• _Goal of the exercise_
Within the data that follows, set down exactly the lines from the one containing "Captain America Plush Toy With Sound - 50 CM" through the one containing "Цвет: Blue with Frame", both ends included.

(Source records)
___

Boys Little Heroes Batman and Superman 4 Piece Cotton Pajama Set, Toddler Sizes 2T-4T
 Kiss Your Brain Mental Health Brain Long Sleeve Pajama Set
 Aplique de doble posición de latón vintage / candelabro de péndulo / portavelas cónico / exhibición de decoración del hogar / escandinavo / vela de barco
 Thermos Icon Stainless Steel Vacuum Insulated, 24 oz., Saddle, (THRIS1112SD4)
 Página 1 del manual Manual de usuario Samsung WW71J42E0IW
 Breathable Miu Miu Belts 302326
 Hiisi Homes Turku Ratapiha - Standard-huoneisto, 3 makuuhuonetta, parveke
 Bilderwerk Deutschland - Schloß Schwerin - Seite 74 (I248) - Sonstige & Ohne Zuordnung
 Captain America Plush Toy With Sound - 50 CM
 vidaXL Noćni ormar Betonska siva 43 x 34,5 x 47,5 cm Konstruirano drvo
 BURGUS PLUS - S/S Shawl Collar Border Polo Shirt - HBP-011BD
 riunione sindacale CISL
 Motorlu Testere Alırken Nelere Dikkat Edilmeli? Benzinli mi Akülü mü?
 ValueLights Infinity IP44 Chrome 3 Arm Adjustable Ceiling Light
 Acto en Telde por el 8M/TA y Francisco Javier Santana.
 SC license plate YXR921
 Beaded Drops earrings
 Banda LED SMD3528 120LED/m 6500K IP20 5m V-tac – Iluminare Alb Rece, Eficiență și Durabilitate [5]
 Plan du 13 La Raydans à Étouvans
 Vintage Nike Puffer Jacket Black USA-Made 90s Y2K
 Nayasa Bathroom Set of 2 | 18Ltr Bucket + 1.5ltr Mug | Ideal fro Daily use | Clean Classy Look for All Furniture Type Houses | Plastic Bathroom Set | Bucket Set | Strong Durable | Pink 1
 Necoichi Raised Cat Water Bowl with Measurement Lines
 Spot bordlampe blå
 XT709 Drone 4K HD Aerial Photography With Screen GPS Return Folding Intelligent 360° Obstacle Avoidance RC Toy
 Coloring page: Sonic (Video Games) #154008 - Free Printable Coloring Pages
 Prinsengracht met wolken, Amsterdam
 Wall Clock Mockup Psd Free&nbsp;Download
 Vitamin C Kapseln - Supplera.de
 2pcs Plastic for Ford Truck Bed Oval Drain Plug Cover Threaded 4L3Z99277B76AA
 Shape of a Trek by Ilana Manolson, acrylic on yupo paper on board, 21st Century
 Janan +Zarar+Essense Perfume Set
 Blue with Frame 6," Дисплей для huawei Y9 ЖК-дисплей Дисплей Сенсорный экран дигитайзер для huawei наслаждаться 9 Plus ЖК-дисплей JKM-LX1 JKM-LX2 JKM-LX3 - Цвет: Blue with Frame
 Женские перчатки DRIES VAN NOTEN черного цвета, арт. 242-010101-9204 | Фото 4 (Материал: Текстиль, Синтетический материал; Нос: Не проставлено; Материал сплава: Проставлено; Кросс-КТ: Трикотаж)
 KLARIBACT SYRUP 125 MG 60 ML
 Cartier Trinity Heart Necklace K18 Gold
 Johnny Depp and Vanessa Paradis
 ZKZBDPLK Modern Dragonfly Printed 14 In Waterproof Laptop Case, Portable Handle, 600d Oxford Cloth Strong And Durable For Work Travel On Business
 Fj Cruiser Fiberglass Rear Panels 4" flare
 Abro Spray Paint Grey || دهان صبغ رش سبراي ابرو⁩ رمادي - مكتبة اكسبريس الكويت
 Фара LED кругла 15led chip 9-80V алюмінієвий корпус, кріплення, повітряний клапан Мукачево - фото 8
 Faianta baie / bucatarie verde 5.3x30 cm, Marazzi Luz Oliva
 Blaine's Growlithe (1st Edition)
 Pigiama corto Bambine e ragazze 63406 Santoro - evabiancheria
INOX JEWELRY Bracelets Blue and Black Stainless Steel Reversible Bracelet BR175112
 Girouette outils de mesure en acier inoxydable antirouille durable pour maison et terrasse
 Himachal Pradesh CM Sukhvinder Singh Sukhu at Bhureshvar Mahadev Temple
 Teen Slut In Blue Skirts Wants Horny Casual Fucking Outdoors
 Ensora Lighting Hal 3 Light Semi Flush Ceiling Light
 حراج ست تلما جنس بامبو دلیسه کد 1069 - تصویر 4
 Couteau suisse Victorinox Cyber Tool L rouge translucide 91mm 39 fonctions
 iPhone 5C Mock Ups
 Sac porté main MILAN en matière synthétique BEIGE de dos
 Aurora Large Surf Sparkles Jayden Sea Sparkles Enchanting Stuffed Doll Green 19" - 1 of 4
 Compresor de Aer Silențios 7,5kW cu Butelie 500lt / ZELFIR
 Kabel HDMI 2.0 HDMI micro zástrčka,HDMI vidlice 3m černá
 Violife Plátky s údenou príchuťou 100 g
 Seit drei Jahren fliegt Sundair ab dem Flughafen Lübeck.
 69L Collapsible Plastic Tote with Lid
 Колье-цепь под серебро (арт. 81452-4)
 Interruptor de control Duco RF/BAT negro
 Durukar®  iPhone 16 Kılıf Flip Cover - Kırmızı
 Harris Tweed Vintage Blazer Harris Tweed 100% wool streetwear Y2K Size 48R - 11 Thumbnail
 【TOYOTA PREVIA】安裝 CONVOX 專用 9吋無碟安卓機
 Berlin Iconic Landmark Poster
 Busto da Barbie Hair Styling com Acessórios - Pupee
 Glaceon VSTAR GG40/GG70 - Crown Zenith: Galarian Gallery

___

• _Written response_
 Captain America Plush Toy With Sound - 50 CM
 vidaXL Noćni ormar Betonska siva 43 x 34,5 x 47,5 cm Konstruirano drvo
 BURGUS PLUS - S/S Shawl Collar Border Polo Shirt - HBP-011BD
 riunione sindacale CISL
 Motorlu Testere Alırken Nelere Dikkat Edilmeli? Benzinli mi Akülü mü?
 ValueLights Infinity IP44 Chrome 3 Arm Adjustable Ceiling Light
 Acto en Telde por el 8M/TA y Francisco Javier Santana.
 SC license plate YXR921
 Beaded Drops earrings
 Banda LED SMD3528 120LED/m 6500K IP20 5m V-tac – Iluminare Alb Rece, Eficiență și Durabilitate [5]
 Plan du 13 La Raydans à Étouvans
 Vintage Nike Puffer Jacket Black USA-Made 90s Y2K
 Nayasa Bathroom Set of 2 | 18Ltr Bucket + 1.5ltr Mug | Ideal fro Daily use | Clean Classy Look for All Furniture Type Houses | Plastic Bathroom Set | Bucket Set | Strong Durable | Pink 1
 Necoichi Raised Cat Water Bowl with Measurement Lines
 Spot bordlampe blå
 XT709 Drone 4K HD Aerial Photography With Screen GPS Return Folding Intelligent 360° Obstacle Avoidance RC Toy
 Coloring page: Sonic (Video Games) #154008 - Free Printable Coloring Pages
 Prinsengracht met wolken, Amsterdam
 Wall Clock Mockup Psd Free&nbsp;Download
 Vitamin C Kapseln - Supplera.de
 2pcs Plastic for Ford Truck Bed Oval Drain Plug Cover Threaded 4L3Z99277B76AA
 Shape of a Trek by Ilana Manolson, acrylic on yupo paper on board, 21st Century
 Janan +Zarar+Essense Perfume Set
 Blue with Frame 6," Дисплей для huawei Y9 ЖК-дисплей Дисплей Сенсорный экран дигитайзер для huawei наслаждаться 9 Plus ЖК-дисплей JKM-LX1 JKM-LX2 JKM-LX3 - Цвет: Blue with Frame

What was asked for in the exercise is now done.